Ask HN: What kind of standing desk do you use? - nodivbyzero

I want to try standing desk to increase my productivity. What kind of standing desk do you use? Any recommendations?
======
neilsharma
I use Varidesk. Its a ~35 pound adjustable platform you place on top of a
normal desk. There are handles on the side so you can easily change the height
to a few settings.

Specifically, I got the Varidesk Pro Plus 36: [http://www.amazon.com/VARIDESK-
Plus-Height-Adjustable-Standi...](http://www.amazon.com/VARIDESK-Plus-Height-
Adjustable-Standing-
Desks/dp/B00JI6NCCK/ref=pd_sim_229_3/176-3577757-6695818?ie=UTF8&refRID=0ERX1YDM4QKFKXS2BP4D)

Had to watch for a few things: is the keyboard platform the same height as
their monitor (ideally, no). Would monitor/keyboard/mice cables get crushed if
you keep the desk down? Can it support two 24"\+ monitors?

It's incredibly durable (it'd won't tip over short of putting your entire
weight on it in the elevated position). Use it for 2-3 hours/day (with a
compression mat I got from costco for $20).

There are a couple models, and none are that cheap ($300-$400), but I've had
back pain and poor posture all my life so I figured I'd invest what is
typically 1 month of my living expenses into this.

------
chollida1
We give everyone, one of these desks....

[http://www.ikea.com/ca/en/catalog/products/S49022524/#/S5902...](http://www.ikea.com/ca/en/catalog/products/S49022524/#/S59022528)

We had existing desk tops so we just had someone come in and install the legs.
They work well and given that we tend to average 4 27" monitors per person
they handle the extra weight well. Mechanical riser's are awesome!

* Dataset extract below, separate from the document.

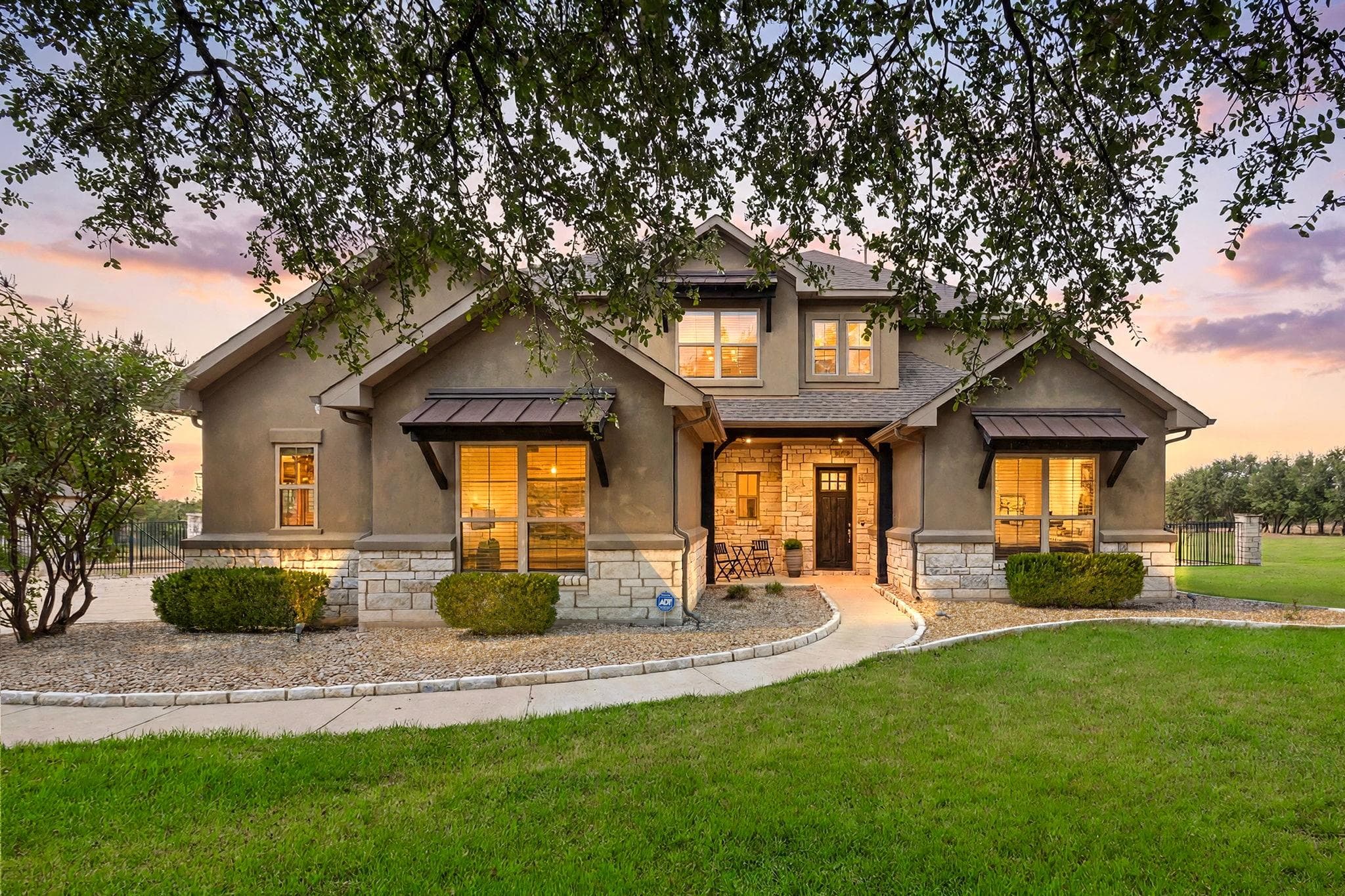 313  Escondido Dr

They also rise fairly high, important when you have someone who is 6'9" on
your team:)

Just don't forget to buy a standing mat to, ummm, stand on.

[http://thewirecutter.com/reviews/best-standing-desk-
mat/](http://thewirecutter.com/reviews/best-standing-desk-mat/)

 __EDIT __Yes, the mat really matters, we 've had a few ergonomic experts in
and their advice usually varies but they all agree on using a standing mat.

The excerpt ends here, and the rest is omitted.